Frente al último punto debo recordar que el pasado nueve (9) de septiembre fue firmado en el municipio de Tibú el Programa Nacional de Sustitución de Cultivos – PNIS como parte de la implementación del punto 4 del Acuerdo de Paz de La Habana; este programa, que no generó consenso suficiente, ya es violatorio de lo acordado; una semana después de su firma se presentaron disturbios entre campesinos y fuerza pública debido a la continuación de procesos de erradicación forzada en el municipio de Sardinata.

Vale la pena decir que el cumplimiento de este Programa es una tarea enorme ya que, según el último informe del Sistema Integrado de Monitoreo de Cultivos Ilícitos, coordinado por la Oficina de Naciones Unidas contra la Droga y el Delito, el municipio de Tibú es el segundo del país con mayor número de cultivos de coca, y el primero de la región del Catatumbo, con un aproximado de 12.787 hectáreas sembradas hasta el 2016, más del 50% de cultivos presentes en toda la región.

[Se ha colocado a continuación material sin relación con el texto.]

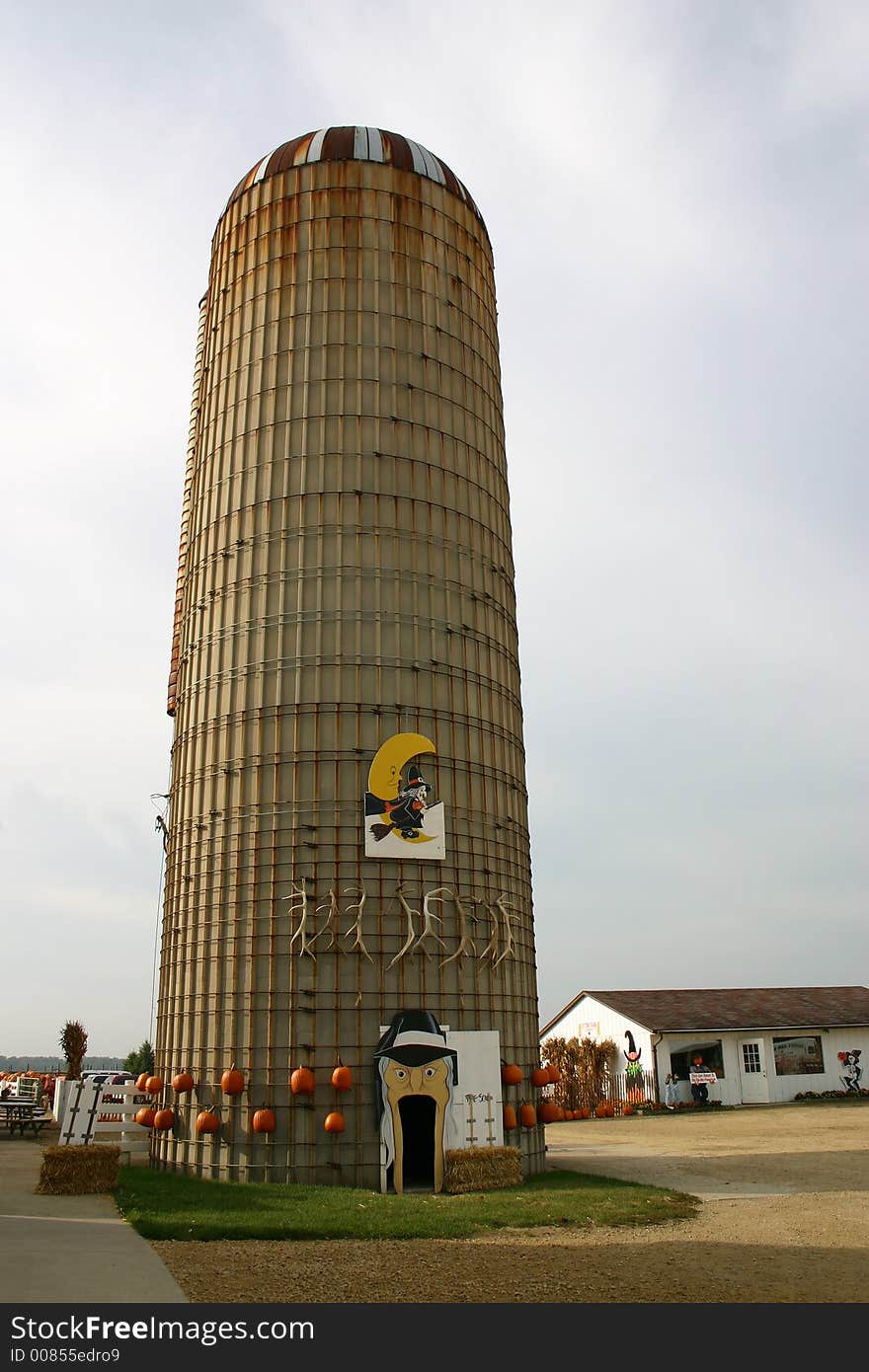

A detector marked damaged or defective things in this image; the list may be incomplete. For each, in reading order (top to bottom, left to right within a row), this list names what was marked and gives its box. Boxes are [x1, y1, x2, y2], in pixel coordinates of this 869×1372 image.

rusty silo roof [226, 127, 482, 229]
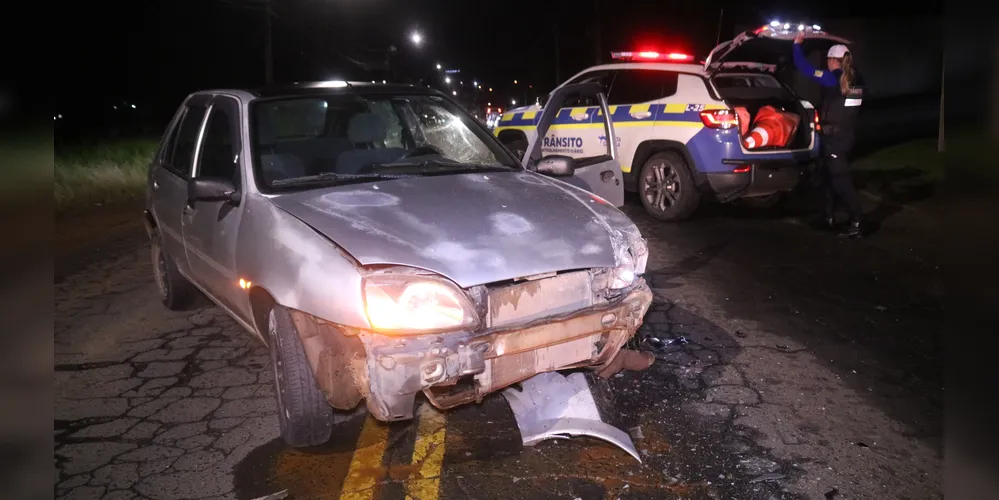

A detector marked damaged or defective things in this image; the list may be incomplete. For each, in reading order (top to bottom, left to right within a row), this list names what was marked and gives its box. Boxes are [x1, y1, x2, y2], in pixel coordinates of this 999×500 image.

deployed airbag [740, 105, 800, 150]
damaged silver car [143, 80, 656, 448]
broken headlight [364, 274, 480, 332]
crushed front bumper [304, 282, 656, 422]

Podríamos seguir ilustrando las condiciones de abandono en las que se encuentran los habitantes de esta región, que cubre un 45% de Norte de Santander, sin embargo es suficiente con insistir en que hay un actor allí que ha instalado la Mesa Social y Comunitaria por la Vida Digna del Catatumbo, que sesiona desde el próximo 20 de octubre, para abordar los temas de salud, educación, vías y cultivos de uso ilícito. Esta mesa está integrada por delegados del movimiento comunal, la gobernación departamental, las alcaldías de los 10 municipios que integran la región, así como por un representante del PNIS, tendrá por garantes la Procuraduría General de la Nación, la Defensoría del Pueblo, La Contraloría General de la República, Asopersoneros y yo mismo como Senador oriundo de región.

 

Esperamos que este nuevo ejercicio de diálogo entre las autoridades municipales y departamentales le permita a esta región, habitada por personas humildes, trabajadoras y dignas, lograr avances de las cosas básicas que la comunidad ha exigido hace tanto tiempo: salud, educación y vías. Como garante de dicho proceso estoy comprometido como Senador y líder del Catatumbo en velar por que se respete la palabra empeñada.